OPF tries to allocate available generation to meet the current load while keeping transmission lines within the limits of what they can carry. OPF adds a dimension of space to the ED problem. Currently **minpower** performs the simplest version of power flow, called decoupled OPF and considers only real power [1]. The classic text is Bergen & Vittal.

\(\min \sum_g C_g(P_g)\)

\(\mathrm{s.t.} \; P_{\min (g)} \leq P_g \leq P_{\max (g)} \; \forall \; \mathrm{generators} \;(g)\)

\(\mathrm{s.t.} \; P_{\mathrm{gen} (i)} - P_{\mathrm{load} (i)} - \sum_j P_{ij} = 0 \; \forall \; \mathrm{buses} \;(i)\)

\(\mathrm{s.t.} \; P_{\min (ij)} \leq P_{ij} \leq P_{\max (ij)} \forall \; \mathrm{lines} \;(ij)\)

In this mathematical formulation generators are indexed by \(g\). \(P_g\) is a generator’s power output and \(C_g()\) is its cost function.

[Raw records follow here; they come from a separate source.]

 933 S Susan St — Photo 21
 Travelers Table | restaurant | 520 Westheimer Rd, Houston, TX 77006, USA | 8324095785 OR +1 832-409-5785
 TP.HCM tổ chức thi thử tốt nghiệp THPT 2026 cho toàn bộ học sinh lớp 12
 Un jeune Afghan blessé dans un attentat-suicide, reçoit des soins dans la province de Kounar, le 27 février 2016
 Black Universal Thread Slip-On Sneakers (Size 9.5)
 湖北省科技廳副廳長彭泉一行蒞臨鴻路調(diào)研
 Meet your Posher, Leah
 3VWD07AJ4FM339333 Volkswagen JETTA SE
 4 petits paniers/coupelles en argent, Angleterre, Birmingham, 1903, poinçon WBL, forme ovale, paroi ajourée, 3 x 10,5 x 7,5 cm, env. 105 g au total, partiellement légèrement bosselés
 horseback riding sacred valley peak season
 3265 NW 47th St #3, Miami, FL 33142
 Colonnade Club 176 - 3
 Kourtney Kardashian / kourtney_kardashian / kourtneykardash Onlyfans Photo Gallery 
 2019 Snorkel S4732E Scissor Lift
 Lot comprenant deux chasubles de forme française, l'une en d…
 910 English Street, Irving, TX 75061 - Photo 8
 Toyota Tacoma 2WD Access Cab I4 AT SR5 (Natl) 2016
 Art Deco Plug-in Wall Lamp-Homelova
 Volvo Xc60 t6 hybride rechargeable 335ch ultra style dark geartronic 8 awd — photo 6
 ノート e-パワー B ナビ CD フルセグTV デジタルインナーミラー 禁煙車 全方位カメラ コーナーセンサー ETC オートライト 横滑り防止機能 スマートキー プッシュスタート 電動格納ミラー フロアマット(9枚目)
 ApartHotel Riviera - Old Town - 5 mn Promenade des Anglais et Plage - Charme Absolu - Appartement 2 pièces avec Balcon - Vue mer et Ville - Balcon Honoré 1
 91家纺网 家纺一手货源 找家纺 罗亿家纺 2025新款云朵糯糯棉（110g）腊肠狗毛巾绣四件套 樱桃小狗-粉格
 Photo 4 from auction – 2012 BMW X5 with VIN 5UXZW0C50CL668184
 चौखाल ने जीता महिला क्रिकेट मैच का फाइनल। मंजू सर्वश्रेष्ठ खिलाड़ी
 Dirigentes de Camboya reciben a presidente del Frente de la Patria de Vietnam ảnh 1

The objective is to minimize the total cost. There are three constraints:

- each generator must be within its real power limits
- inflow must equal outflow at each bus
- each line must be within its real power limits

For DCOPF, the real power flow on a line \(P_{ij} = \frac{1}{X_{ij}} \left( \theta_i-\theta_j \right)\) depends linearly on the voltage angles of the buses it connects (\(\theta_{i}\), \(\theta_{j}\)) and its own reactance \(X_{ij}\). Bus angles are the difference in voltage angle between the bus and the reference bus which has angle \(0^{\circ}\).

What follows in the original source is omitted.